O Museu da espionagem

Sim, existem museus dedicados à espionagem ao redor do mundo. O maior e mais famoso deles fica em Washington. Fundado por uma cadeia de rádio e televisão de Cleveland, a Malrite Company, o International Spy Museum conta com a curadoria permanente de dois ex-diretores da Agência Central de Inteligência dos EUA (a CIA) e de Oleg Danilovich Kalugin, um major aposentado da KGB, a polícia secreta do governo soviético. Foi fundado em julho de 2002, é um dos poucos da cidade que cobram ingresso (que hoje está em US$ 16) e mesmo assim é um sucesso permanente de público. São 600 peças, espalhadas por uma área de 1 900 m2.

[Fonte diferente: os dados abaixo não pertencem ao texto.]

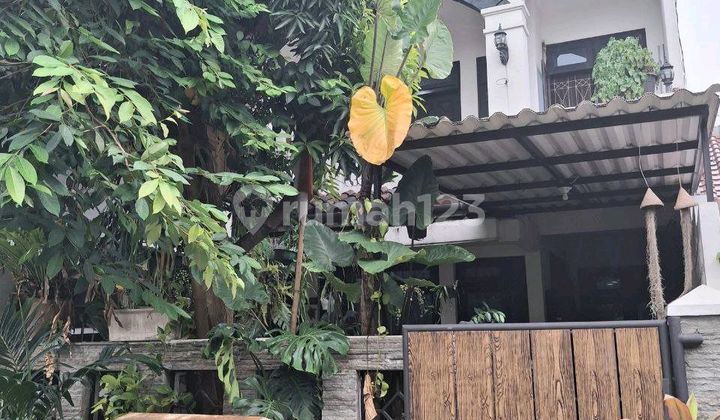 Nice Two-Story House in Puri Gading Housing Near Jatiwarna Toll Road, Bekasi 2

Entre as atrações está uma Sala de Disfarces, onde a pessoa recebe uma identidade falsa e tem 3 minutos para criar uma biografia completa para ela. Também existe uma Escola de Espiões, onde fica a maior parte do acervo do museu. A entrada é decorada por uma foto de Maxwell Smart, o atrapalhado Agente 86 do seriado de TV, falando em um telefone em forma de sapato. Esse é o espírito desse ambiente: misturar a realidade dos espiões com a ficção. Estão lá as canetas que viram canivetes e as pistolas em forma de cachimbo. Não falta nem mesmo um carro Aston Martin DB5, como o usado por James Bond no filme Goldfinger. Para quem quer começar a praticar operações secretas, os monitores levam o visitante a uma trilha de obstáculos dentro de uma tubulação apertada.

Na saída, é quase impossível não entrar na lojinha do museu. Por US$ 5 você leva um kit disfarce, com barba e bigode postiços. Por US$ 45, uma caneta que serve como gravador disfarçado. E, por US$ 639, um par de óculos de visão noturna.